Peters Village will be built next to the Bethany Medical Center campus on Skeet Club Road near Eastchester Drive.
The three-story community will consist of four buildings with one-, two- and three-bedroom apartments ranging from 795 square feet to 1,260 square feet, said Dan Hill, director of real estate for Peters Development.
“Guilford County is experiencing strong demand for new apartments at a reasonable price point, so Peters Village fills an important void by providing a high-quality apartment product at competitive rental rates,” Hill said.
The company is touting the amenities of each apartment, including “an open concept floor plan, large closets, expansive windows, large balcony, luxury wood inspired flooring, modern kitchens with stainless steel appliances and LED lighting throughout.”
Located off White’s Mill Road and Peters Court, the Peters Village site encompasses 4.5 acres and will include open space, a playground area, a pool and other community amenities, Hill said.

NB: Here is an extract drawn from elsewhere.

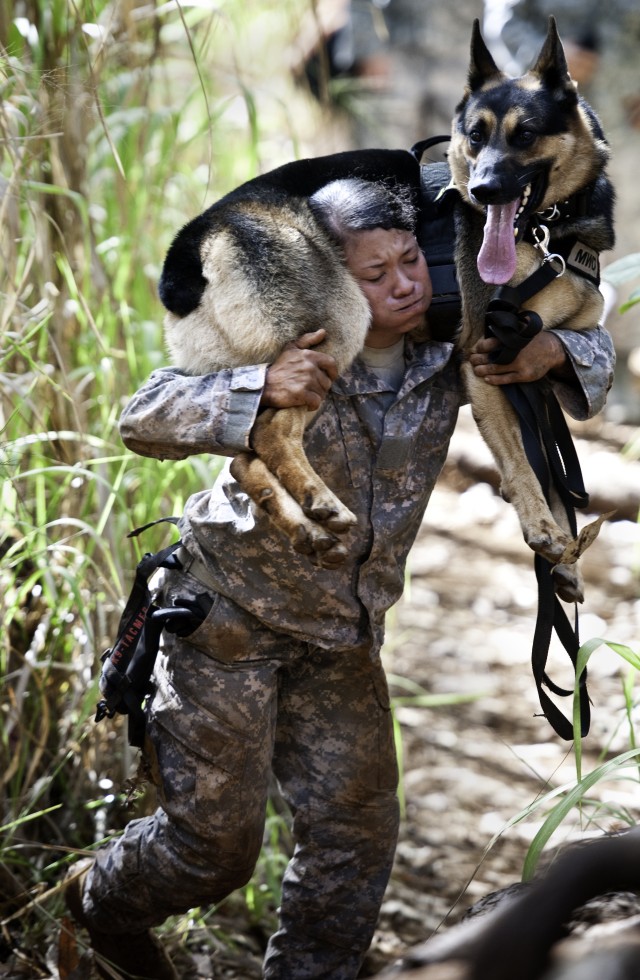 2012 Hawaiian Island Working Dog Competition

Dr. Lenny Peters, founder and CEO of Peters Development, said, “Through thoughtful design and use of high-end finishes, Peters Development hopes to make a lasting contribution to a growing area of High Point by providing residents with an affordable, yet luxurious place to call home.”
Peters is also founder and CEO of Bethany Medical Center, which operates four buildings on its adjacent 8-acre campus.
General contractor Fourth Elm Construction of Kernersville will build the apartments, with CJMW Architecture of Winston-Salem handling the architecture and interior design, in collaboration with Peters Development.
The company announced that the first units for Peters Village will be available for occupancy in the summer of 2022.